I shared a keke napep ride to the junction with a family of three – a mother and her two sons. The boys were dressed for school. Different uniforms, implying that they attend different schools.
Just before the junction, the mother called for her stop. The driver pulled up and she got down with her sons. However, it turned out the stop was just for her and the younger son, because the older one did something I’d never seen brothers do in Nigeria, before he climbed back into the keke.

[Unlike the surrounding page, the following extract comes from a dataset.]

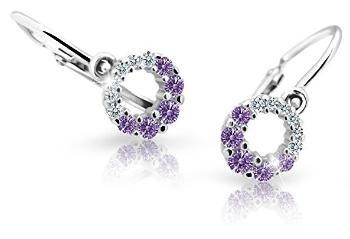 Cutie Jewellery Cercei pentru copii C2154-10-X-2 violet
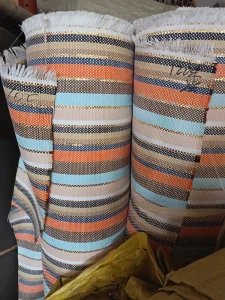 Guaranteed Quality Proper Price Mat Material Paper Woven Fabric Upholstery Woven Slubbed Texture Craft Paper Woven Fabric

He reached for his brother, held his head in his hands and kissed his cheek. Then he muttered, “I love you,” before letting him go.
I was startled by this. Startled and touched. Such displays of affection, whether public or private, is something you rarely find among brothers in Nigeria – actually, scratch that, among males in Nigeria.
But here was a boy so unselfconscious over his affection for his brother, so secure in their relationship, that he wished him the sweetest ‘Have a good day’ ever.
I remember the first time one of my brothers told me he loved me. It was just a few years ago. We were grown men having a conversation. And just as we were winding up, he said, “I love you, brother.”
My instinctual reaction to this was panic. My brother is this quintessential masculine man, and to hear those words from him was so out of character, that it unleashed a series of panicked thoughts in me. What was the problem? Was he sick? Was he dying?
I didn’t pose any of these questions to him though, and it took a moment after he clicked off for me to realize the magic of what had just happened.
Oftentimes, we take it for granted that those we love, especially family, simply know of our love for them. We have rationalizations like how saying ‘I love you’ is just unnecessary, and how such things are for oyibo people and not Naija-rians like us. But you see, actions may speak louder than words, but there is so much power in the physical expression of love. The kiss on the forehead, that effusive embrace, the simply utterance ‘I love you’… Whether from lover to lover, husband to wife, sibling to sibling, parent to child, they are the little things that contribute to the great differences of our existence and the beauty of living.